**Task requirements:**
Without the pictures, write out all the lines below exactly as they appear.

**Raw data:**
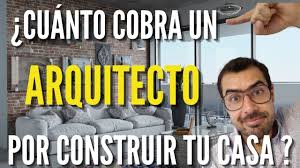 We did not find results for: Cuanto Cobra Un Arquitecto O Ingeniero Por Construir Una Casa En 2020 Youtube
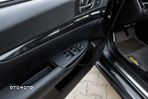 Subaru Legacy 2.5i GT - 20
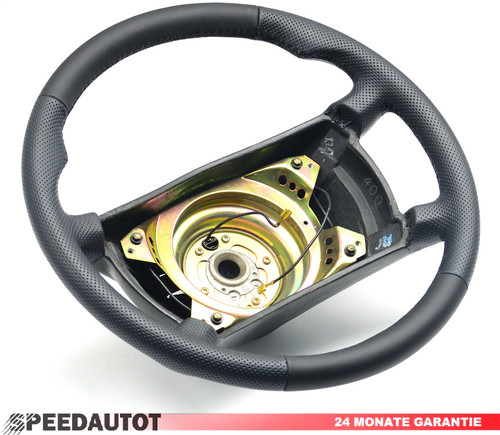 Tausch lenkrad mercedes w123 - lenkrad,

**Exercise solution:**
 We did not find results for: Cuanto Cobra Un Arquitecto O Ingeniero Por Construir Una Casa En 2020 Youtube
 Subaru Legacy 2.5i GT - 20
 Tausch lenkrad mercedes w123 - lenkrad,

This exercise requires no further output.